One of the students told WHYY News that they were “shocked” at “the lengths to which [the college was] willing to go to repress student activists” and that the school is intentionally taking quotes “out of context in a way that is very disingenuous to their meaning.”

The pamphlet is “not calling for violent action,” said the student, who went by the pseudonym Taylor because of concerns that it could affect his case with the school. “It’s not advocating for people to make choices of violence, but rather accepting and understanding and being upfront that choices of peaceful resistance results in possible risk.”

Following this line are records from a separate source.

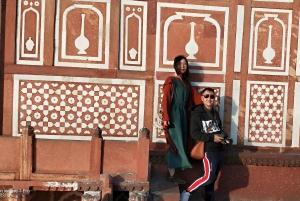 From Delhi: Sunrise Taj Mahal & Agra Day Trip With 5* Lunch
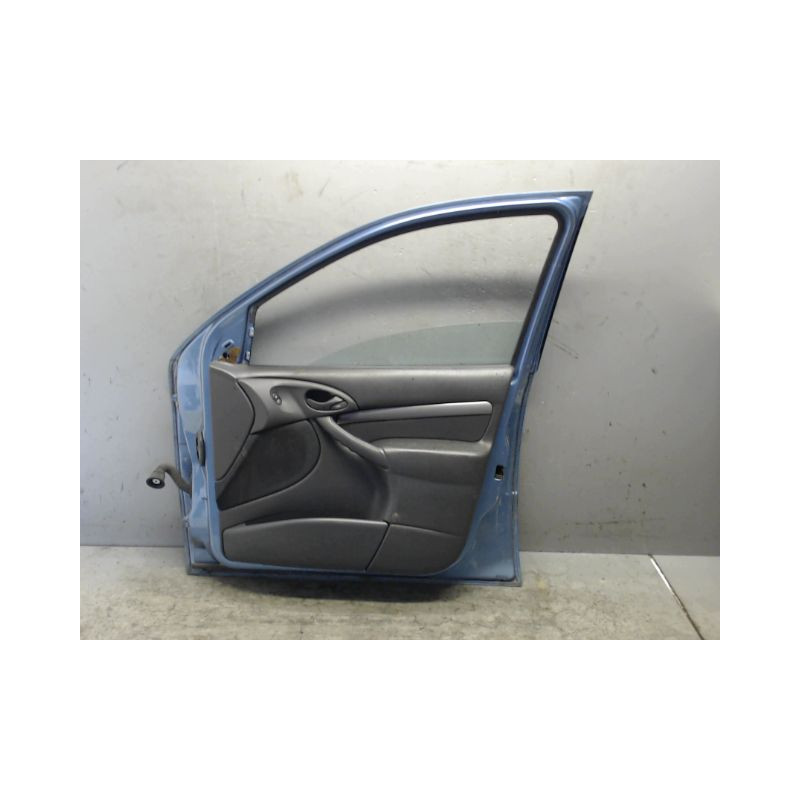 PORTE AVANT DROIT FORD FOCUS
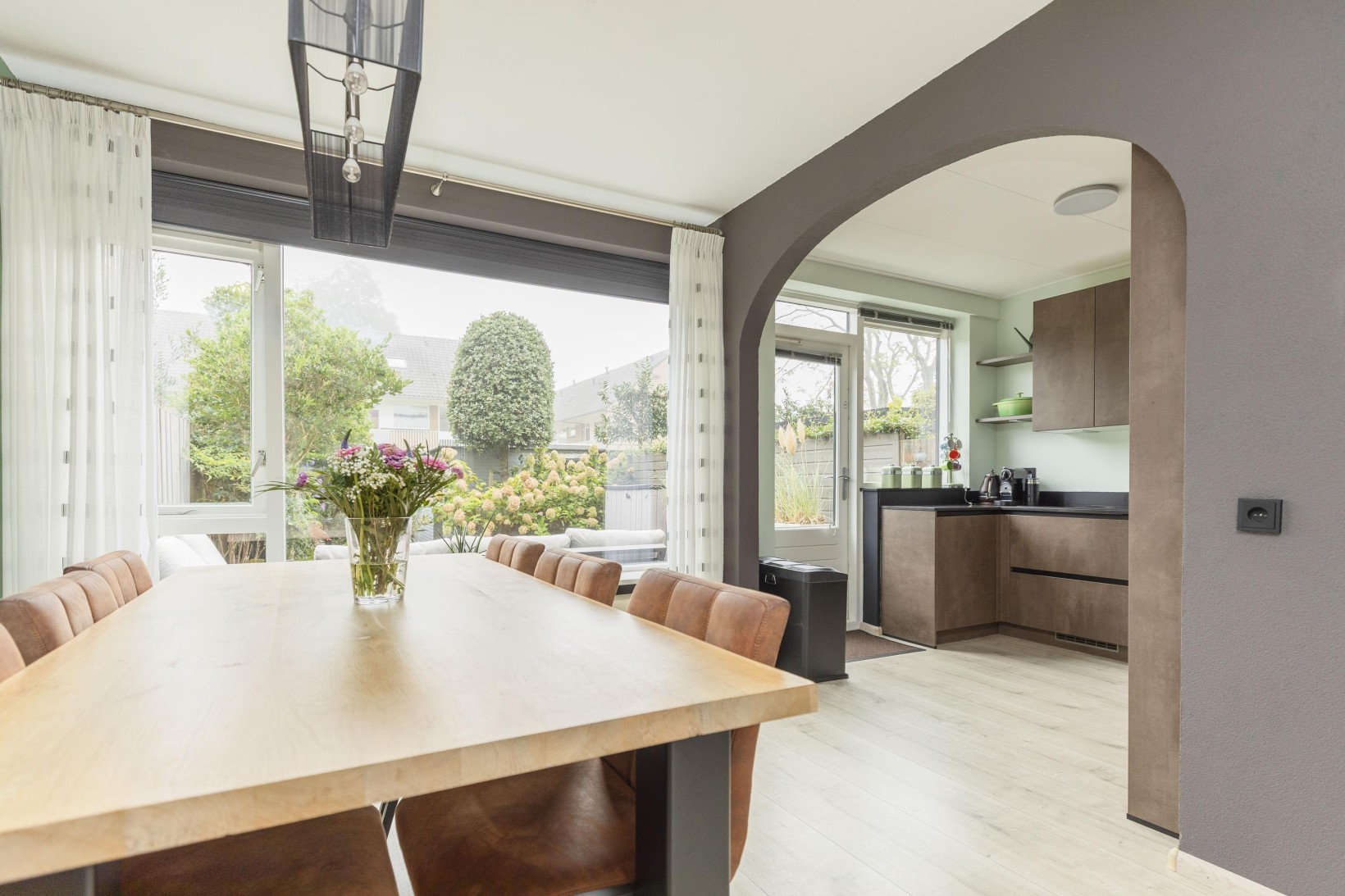 Tussenwoning te koop: Polluxhof 30, Dordrecht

Andy Hirsch, Swarthmore vice president for communications and marketing, explained in an email to WHYY News that, while he could not comment on “specific incidents of alleged conduct,” the college “deeply values and supports individuals’ rights to express their views and engage in peaceful protest and dissent.”

“At no point have any students faced charges for the content of their views,” Hirsch wrote. He also took exception to the characterization that students are “facing expulsion,” calling expulsion “extremely rare” and “reserved for the most extreme violations.”

What the pamphlets say

The front of one of the pieces of literature — which the students are calling a “zine” — depicts the image of a firearm scope’s crosshairs placed within a collage of 37 profile photos of members of the college’s board of managers, the institution’s governing body responsible for fiduciary oversight, strategic planning and appointing the college president.

Under the image, in large type, reads “Public enemy No. 1,” with “The Swarthmore board of managers” in smaller type.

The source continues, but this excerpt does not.